Plus de bla-bla. On annonce quelque chose, alors on le fait. Le Préfet de Région a parlé de mon " bon sens de montagnard " et j'en suis fier. J'ai été élu le 25 mars dernier dans une situation compliquée. J'avais moi-même été l'un des tout premiers à claquer la porte de la CCIR. Pendant cinq ans, il a existé sept CCI territoriales et une CCI régionale. Il fallait avant tout apaiser le climat. En deux mois, nous sommes devenus une CCIR au profit des chambres territoriales. J'ai enclenché la démarche inverse. La logique est aujourd'hui de donner le pouvoir aux CCI territoriales. Dans ce cas, la CCIR devient une chambre stratège.
Concrètement qu'elles ont été les premières actions ?
Nous avons ouvert en mai 14 chantiers, répartis en quatre thèmes principaux : l'organisation du réseau, les relations extérieures, les relations publiques et les ressources. Dans le domaine des relations extérieures, nous allons notamment signer une convention avec le conseil Régional au sujet de l'Arii. Il y avait une volonté mais pas d'éléments déclencheurs. La convention va enfin sortir d'ici à fin juillet. Cela nous permettra de mutualiser des moyens, comme nous l'avons fait sur le Forum Classe Export où nous avons fait stand commun avec la Région Paca. En termes financiers, il y a un important enjeu de réduction des coûts. Il faut apprendre à mutualiser nos moyens pour être plus efficaces et redistribuer les gains obtenus aux CCI territoriales. Il y a de nombreuses fonctions qui sont redondantes d'une CCI à l'autre. Nous pourrions les mettre en commun et faire des économies. Nous devons regarder nos dépenses à l'euro près. Pour être respecté, il faut être respectable. Sur beaucoup de dossiers rien n'a été fait. Je suis là pour dix-huit mois et je ne vais pas me contenter du décor et des honneurs. Les dossiers doivent avancer. J'ai par exemple déjà rencontré mes homologues de la région Rhône-Alpes, ce qui n'avait jamais été fait. Il y a un chantier important que j'ai à coeur : le cahier d'espérance. Nous avons prévu un rendu fin septembre. L'objectif est de le soumettre aux candidats des élections régionales. Ce document nous aidera à avoir une vision claire des CCI de demain et il va être mis en place avec les sept CCI territoriales. Il faut si peu de chose pour que les choses avancent. Le personnel est le même et les membres du bureau aussi. Mais nous travaillons maintenant dans un esprit participatif, nous décidons en équipe...

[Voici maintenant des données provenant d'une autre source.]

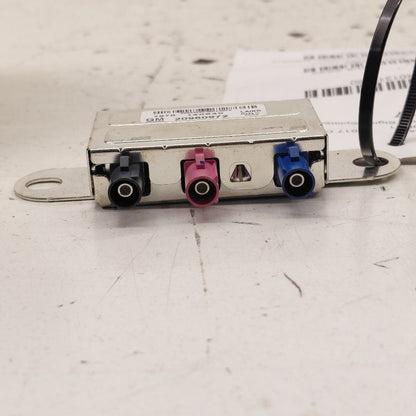Cadillac CT6 Navigation Antenna Signal Splitter {20960972} 2018 2017 2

Vous vous êtes rapproché de la Chambre des métiers et de celle d'Agriculture...
Oui, pendant cinq ans, il n'y avait eu aucune rencontre entre les trois présidents. Pourtant, en terme de formation, il y a un enjeu majeur de 70 M€. J'ai rencontré les autres présidents autour d'un repas, dans un cadre informel et nous nous sommes mis d'accord sur une répartition équitable avec chacun une voix. Nous ne nous connaissions pas, mais j'ai fait le premier pas. Là encore, on le dit, on le fait. Mon rêve serait de constituer une interconsulaire régionale. J'ai fait beaucoup de sport collectif, notamment du foot, et je sais très bien que l'on ne gagne pas seul.
Le nouveau président de la CCI régionale Paca, Maurice Brun, présente sa nouvelle vision de l'institution, au service des CCI territoriales.